Amazon had recruited me for a secret project and told me nothing about it.
Even so, the decision to join them was easy since I was at a failing startup, and they offered me more money. When I took the job, I was worried that I was joining the IT department of a bookstore because back in 2005, Amazon was known as little else than an online bookstore. AWS, Kindle, and other innovations would not become public until later.
On my first day at “the bookstore,” I learned that I was joining a group called “Digital Media.” A few days later, my Vice President, Neil Roseman, told me there were two possible jobs for me: I could build an online video product for Amazon, or I could run the infrastructure team that would build a unified ingestion pipeline for ebooks, music, and video.

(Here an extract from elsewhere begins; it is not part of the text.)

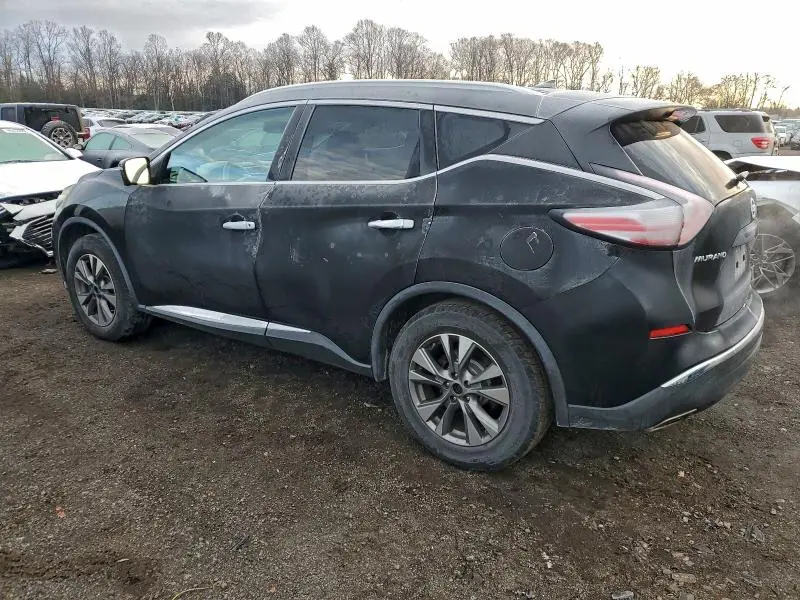 2015 NISSAN MURANO S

I knew that I preferred customer-facing projects to infrastructure, so I picked the video project. This caused a bit of a problem because another manager who started the next week felt that he had been promised the video effort and instead got the infrastructure team.
This was perhaps my first lucky break.
In the year before my arrival, in 2004, Jeff Bezos had decided that the future of media was digital.

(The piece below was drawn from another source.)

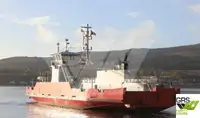 Kapal Ro-Ro kanggo didol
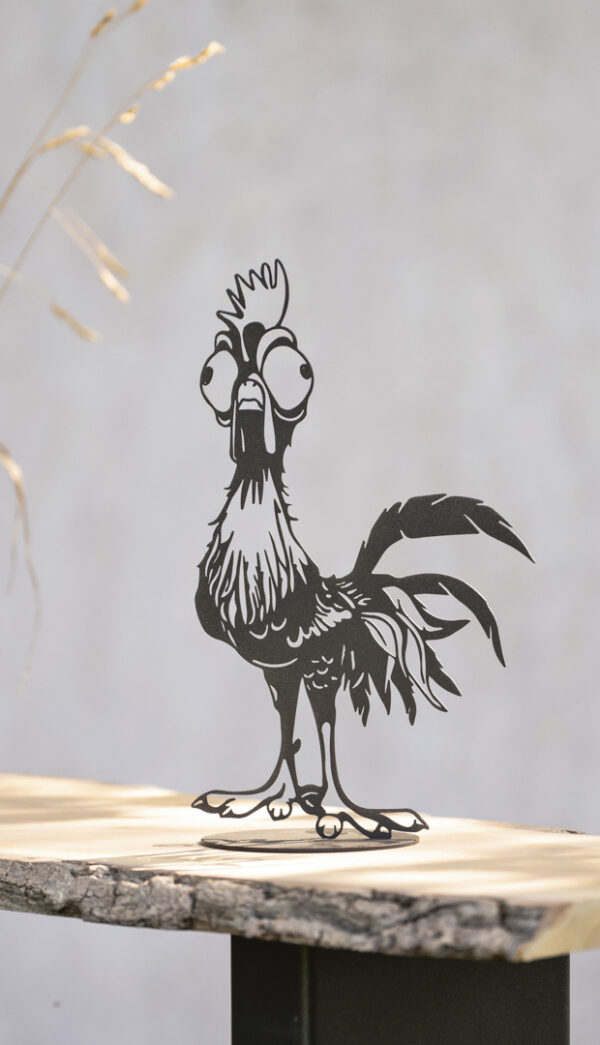 Huhn Stehend sternstaub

One of Jeff’s many important divinations.
However, at that time, almost all of Amazon’s sales were coming from a division called BMVD, which stood for Books, Music, VHS, DVD. Jeff’s essential thesis was that if Amazon wasn’t ready when books, music, and video went online, they were in trouble.
In order to focus on winning in this transition, Jeff recruited one of his top executives, Steve Kessel. Steve and his team started brainstorming products with Jeff and hiring a staff.
I was part of that wave of hires.
By the time I arrived in 2005, a few things had happened:
Jeff had realized that Amazon operated in the middle of the value cycle for physical goods, focusing on distribution and logistics. However, he believed that the value in a digital world would accumulate at the ends of the cycle, either with the content creators (authors, musicians, and filmmakers) or near the consumers (control of reading, listening, and viewing devices). In other words, owning the logistics was only valuable in a world of physical products. In a digital world, we either needed to own the content or the means of consumption.
A decision had been made to lead the digital transformation with ebooks and Kindle, and a veteran manager had been hired back to Amazon to lead the music effort. Video, my product, was the third priority.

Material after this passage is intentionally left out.